Shares of WSB’s new toy rose more than 200% on Wednesday after Reddit board members and Robinhood investors touted the stock. The hashtag #SaveAMC was trending on Twitter.
Both AMC and GameStop rose so quickly on Wednesday that they triggered automatic stops designed to protect against volatility.
Why is it happening now?
The way people trade stocks has been altered by the rise of free apps like Robinhood. That technology has democratized investing, giving investors far removed from traditional banks free access to sophisticated trading instruments such as options.
You can pay an analyst to tell you what stocks to buy, or you can create a Reddit account and follow forums like WallStreetBets. Millions of young people are opting for the latter option, which in part explains why the sudden rises in GameStop and AMC have taken Wall Street veterans by surprise.
What is an option?
Options are bets that investors make on a stock, which allow them to buy (call option) sell it (put option) at a specified price. That allows people to bet on whether a stock will go up or down.

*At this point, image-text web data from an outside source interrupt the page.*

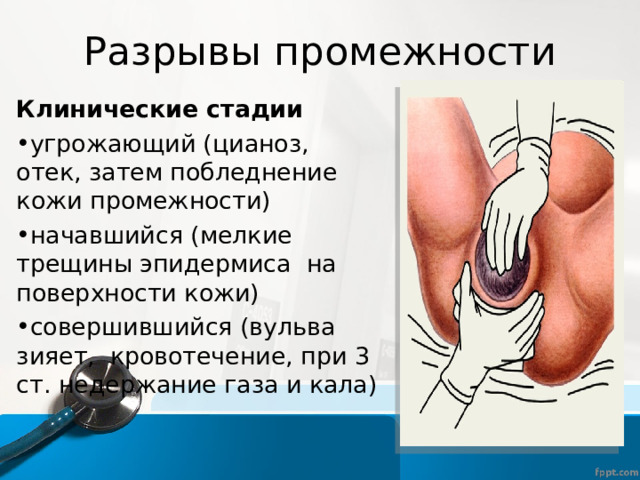 Разрывы промежности Клинические стадии угрожающий (цианоз, отек, затем побледнение кожи промежности) начавшийся (мелкие трещины эпидермиса на поверхности кожи) совершившийся (вульва зияет, кровотечение, при 3 ст. недержание газа и кала) 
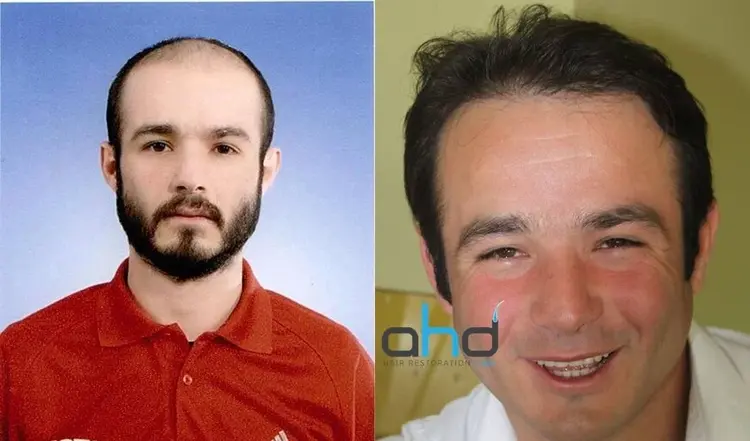 Um recuo natural do cabelo e um resultado perfeito de transplante capilar.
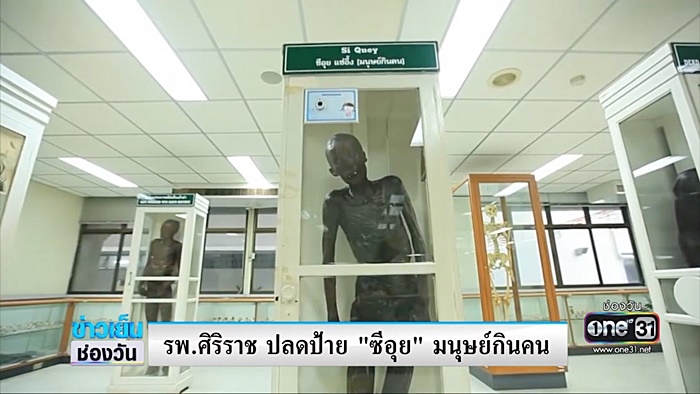 ศิริราชปลดป้าย มนุษย์กินคน พ้นร่าง ซีอุย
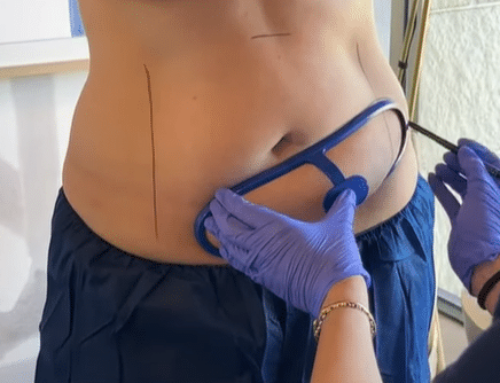 Why CoolSculpting Is Perfect for Slimming Down Before Vacation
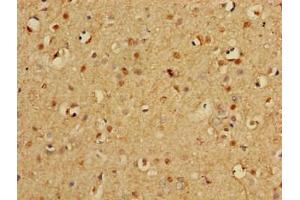 Immunohistochemistry of paraffin-embedded human brain tissue using ABIN7164952 at dilution of 1:100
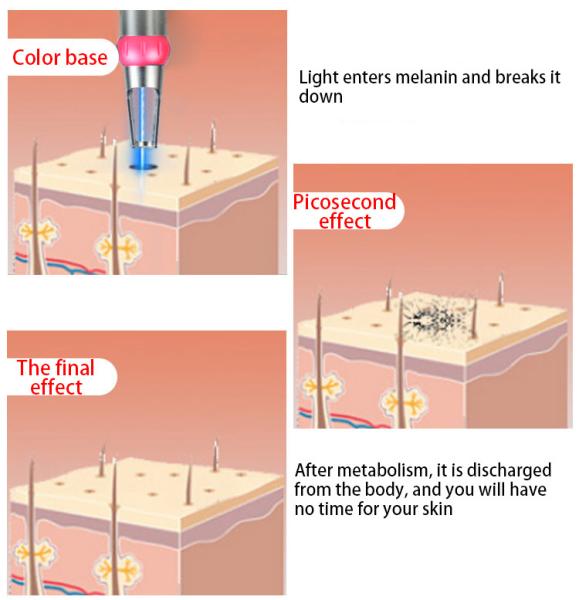 Máquina comutada Q médica do laser do Nd Yag, máquina da remoção da tatuagem do laser da beleza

Investors can place relatively inexpensive option bets and sell those options as they increase in value, when the share price approaches their stake. Although buying and selling options is not the same as buying and selling stocks, large volumes of options can cause a stock to go up or down, usually because option traders buy or sell the stock itself as a hedge.
In the case of GameStop and other stocks that are targeted by WSB, traders continue to buy options, forcing investors who sell those options to hedge their bets by buying GameStop shares.
What is a short?
Short sellers are investors who bet that a stock is going to fall. They borrow shares to sell on the market with the promise to buy them back at a later date. If they win the bet, they sell high and buy low, and they leave with money in the bank.
If they lose the bet, that is called short-squeeze (known as ‘short squeeze’ in Spanish) and they often cover their losses by buying more shares in the company they bet against.
Short interest in GameStop increased at the end of the year as investors bet against the company’s earnings potential. With a mega short squeeze, the short sellers began hedging their bets, buying more shares to offset their mounting losses.
Stoking the fire
WallStreetBets, which has more than two million followers, is littered with posts applauding the stock gains. Also a not inconsiderable amount of messages of righteous indignation.
“What I think is happening is that you are making such an impact that these big shots are worried about having to get up and work for a living,” posted a group moderator this week. “That confusing feeling you are feeling is called RESPECT and it is well deserved. Wall Street no longer rules out its presence, “he added.
Elon Musk appeared to join the group Tuesday with a one-word tweet, “Gamestonk !!”, with a link to WallStreetBets. Tech investor Chamath Palihapitiya plunged into the frenzy and took call options on Tuesday but closed his position on Wednesday, he told CNBC. Palihapitiya explained that she would donate her proceeds to charity and championed the retail investing phenomenon unfolding on Reddit.
“Instead of having ‘brainstorming dinners’ or quiet conversations between hedge funds in the Hamptons, these guys have the courage to do it transparently in a forum,” he said. “What it shows is that this retail (investment) phenomenon is here to stay,” he added.
Isn’t this a bubble?
Yes it is.
There is an argument that GameStop was undervalued, but hardly anyone believes that GameStop, BlackBerry, Macy’s, AMC or any of the other companies that WSB is promoting have a rationale to support these rising stock prices. At some point, reality has to prevail.
But that’s the problem with bubbles: if you exit too early, you will lose the opportunity to charge when the price is at the top. So GameStop shares keep rising… until they don’t rise any more.
The GameStop saga of is a battle of the new school against the old school, of amateurs against professionals, of rebels against the establishment.
At the moment, the boys are winning. But, as with all bubbles, this one will burst at some point.